== Data for this exercise ==
************

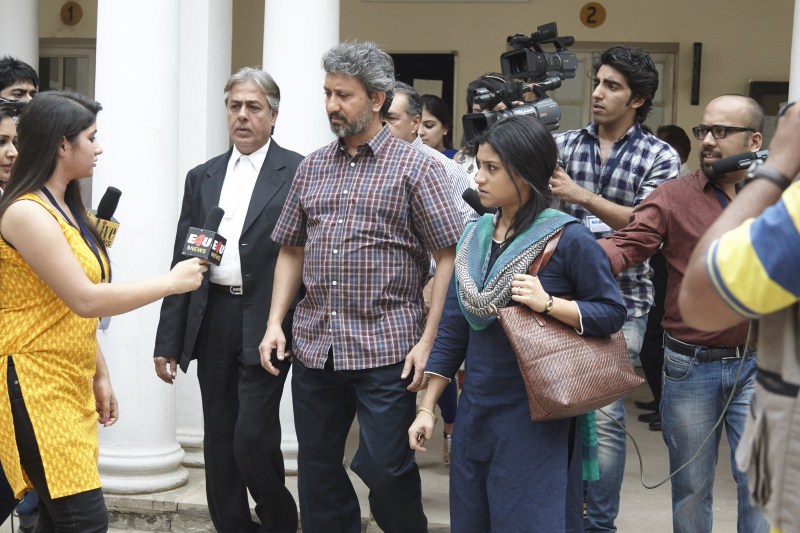 Talvar is an upcoming Bollywood mystery thriller film directed by Meghna Gulzar. Talvar,Talvar Movie Stills,Irrfan Khan,Konkona Sen Sharma,bollywood movie Talvar,Talvar Movie pics,Talvar Movie images,Talvar Movie pictures,Meghna Gulzar,Meghna Gulzar movie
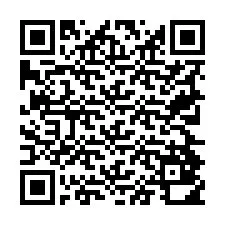 Kod QR dla numeru telefonu +19724810629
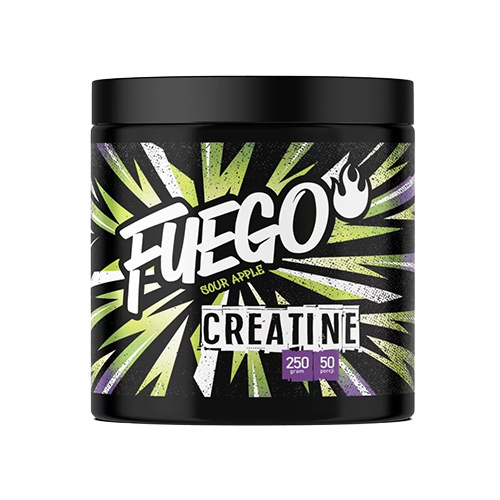 FUEGO - Créatine - 250g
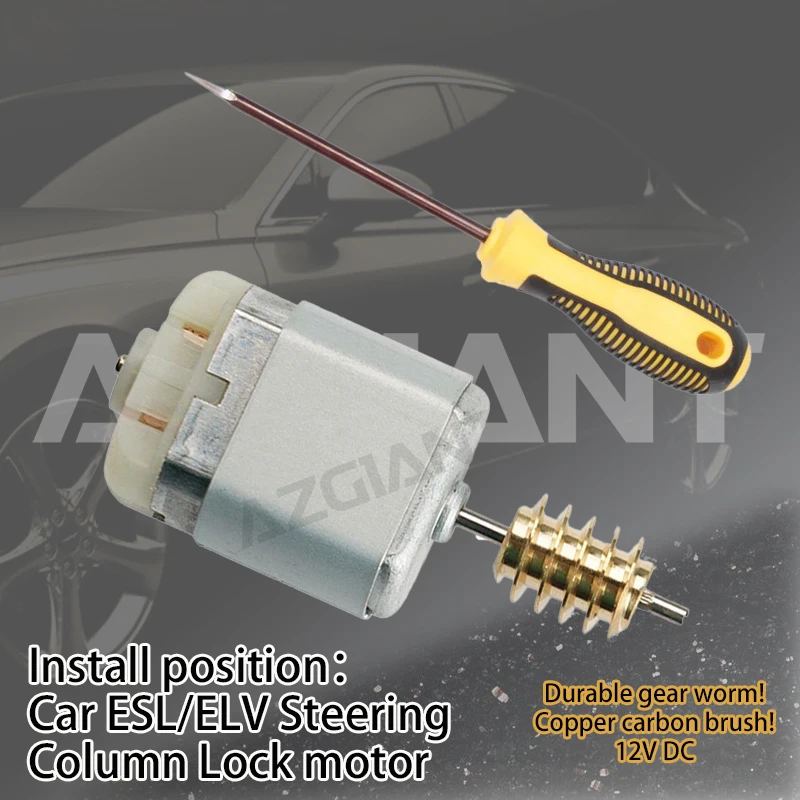 FC-280PC-22125/1021022 3U0607 For Jeep Renegade/Cherokee 5/Compass Limited Car Steering Wheel Column Lock 12v motor F52068663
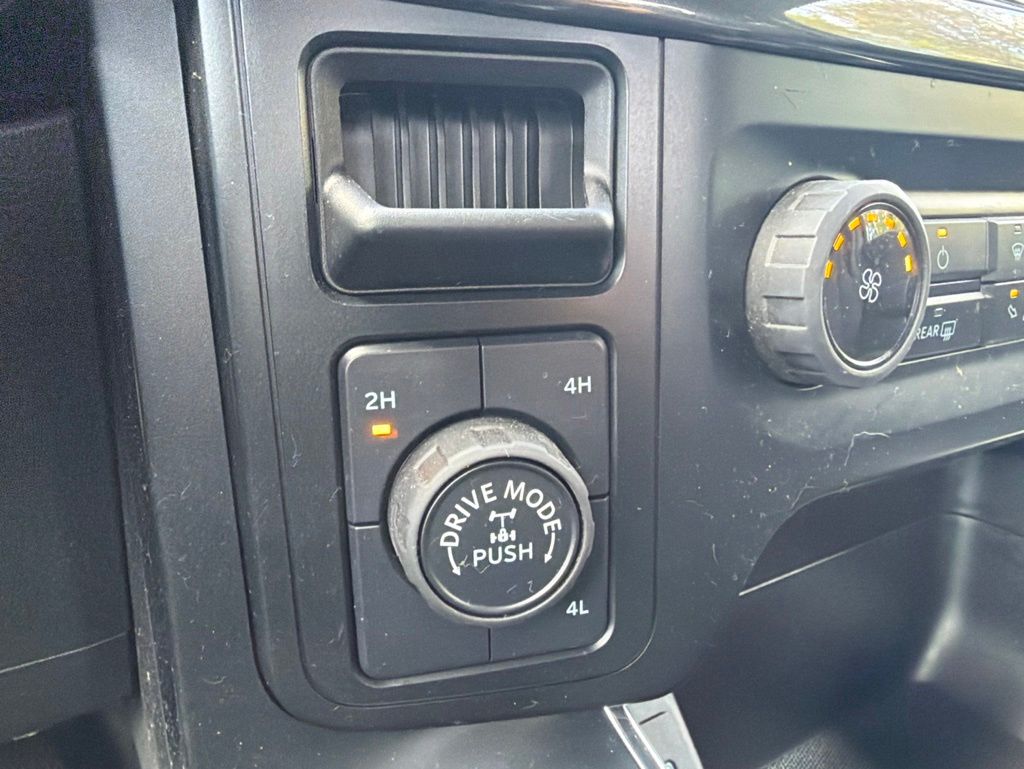 used 2023 Ford F-150 car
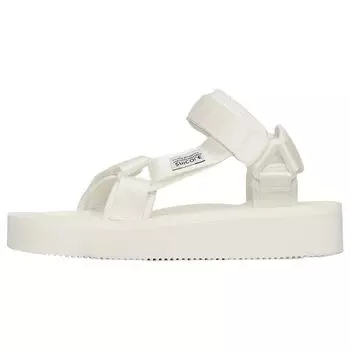 Suicoke DEPA-2PO Белые мужские кроссовки OG-022-2PO-WHT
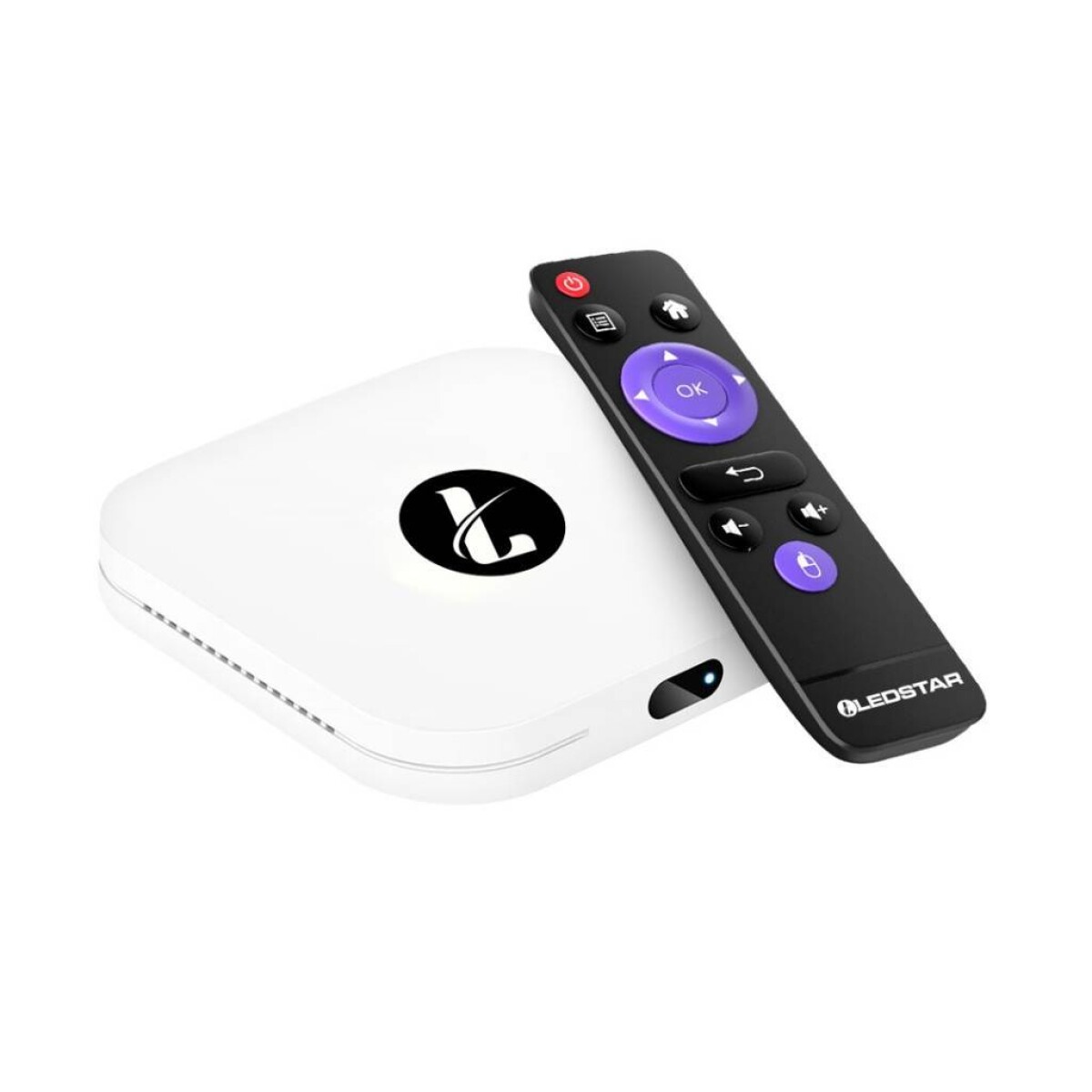 TV Box Ledstar Plus 4GB 32GB 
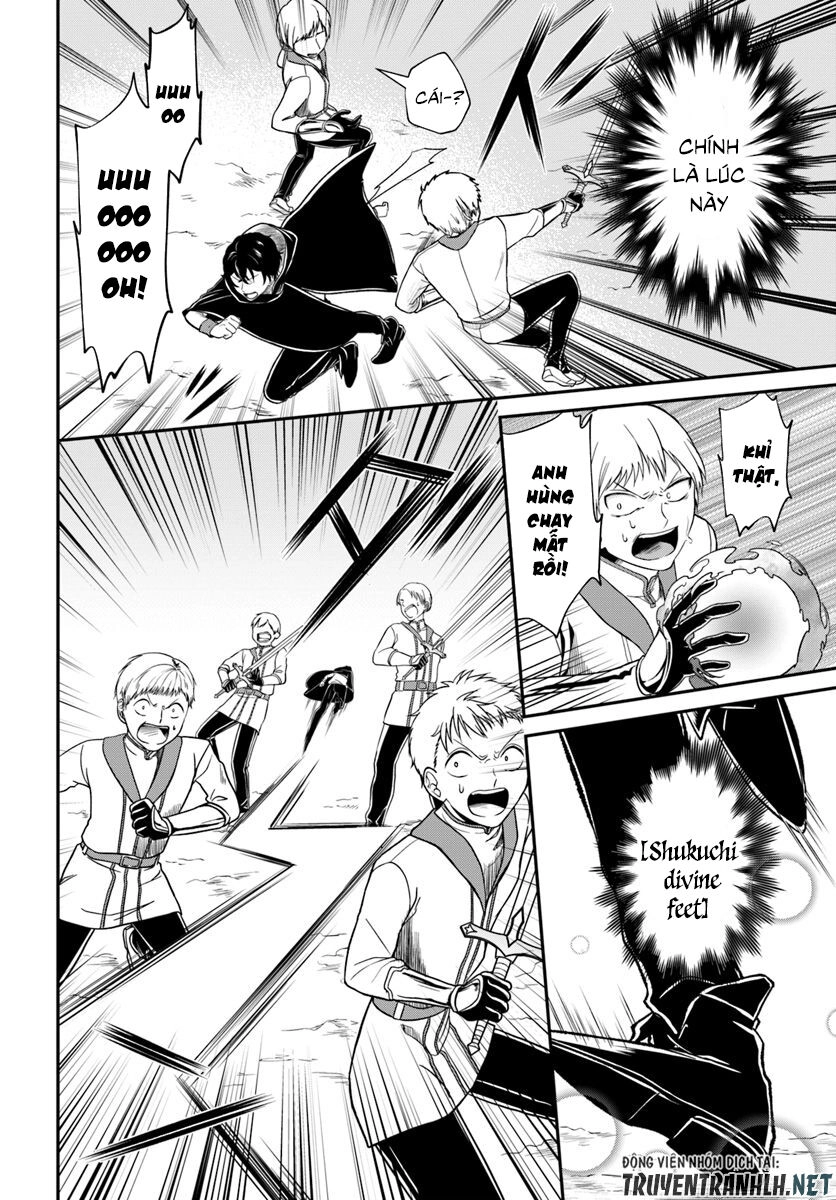 Nidome No Yuusha Chapter 11 - 17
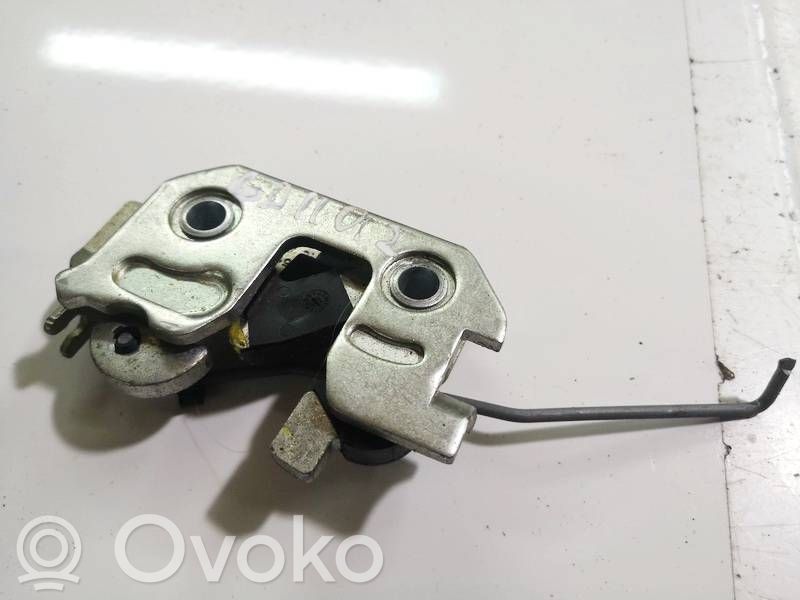 Opel Vectra C Zatrzask blokady oparcia fotela 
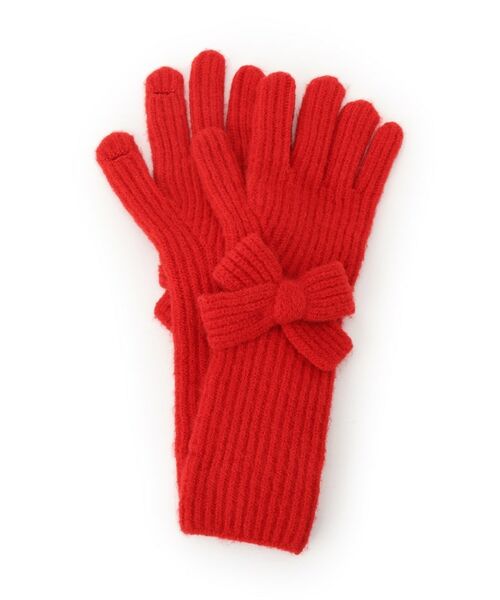 Couture Brooch / クチュールブローチ 手袋 | ロングニットグローブ | 詳細1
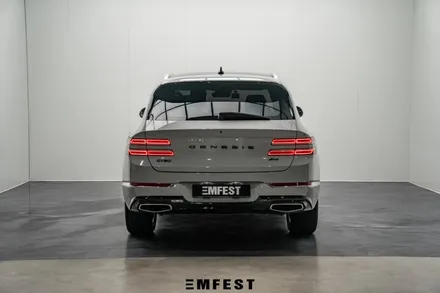 동탄랩핑 제네시스GV80전체랩핑 엠페스트디자인 슈퍼글로스 포르쉐서브그레이 / 용인시 처인구 포곡읍
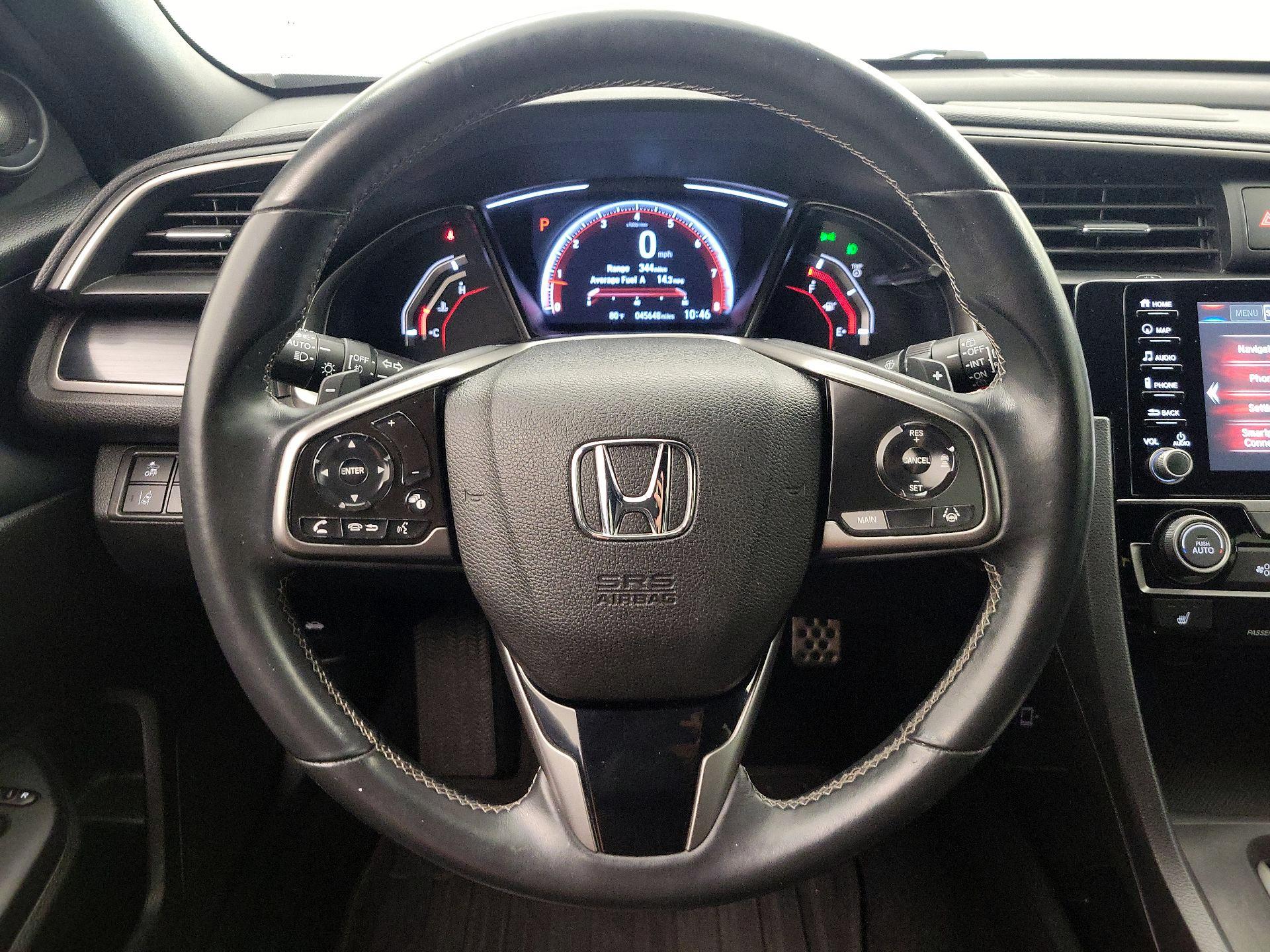 Thumbnail: 2021 Honda Civic - 10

************

== Work item ==
Write every entry out again exactly, dropping the pictures.

== Response to the task ==
 Talvar is an upcoming Bollywood mystery thriller film directed by Meghna Gulzar. Talvar,Talvar Movie Stills,Irrfan Khan,Konkona Sen Sharma,bollywood movie Talvar,Talvar Movie pics,Talvar Movie images,Talvar Movie pictures,Meghna Gulzar,Meghna Gulzar movie
 Kod QR dla numeru telefonu +19724810629
 FUEGO - Créatine - 250g
 FC-280PC-22125/1021022 3U0607 For Jeep Renegade/Cherokee 5/Compass Limited Car Steering Wheel Column Lock 12v motor F52068663
 used 2023 Ford F-150 car
 Suicoke DEPA-2PO Белые мужские кроссовки OG-022-2PO-WHT
 TV Box Ledstar Plus 4GB 32GB 
 Nidome No Yuusha Chapter 11 - 17
 Opel Vectra C Zatrzask blokady oparcia fotela 
 Couture Brooch / クチュールブローチ 手袋 | ロングニットグローブ | 詳細1
 동탄랩핑 제네시스GV80전체랩핑 엠페스트디자인 슈퍼글로스 포르쉐서브그레이 / 용인시 처인구 포곡읍
 Thumbnail: 2021 Honda Civic - 10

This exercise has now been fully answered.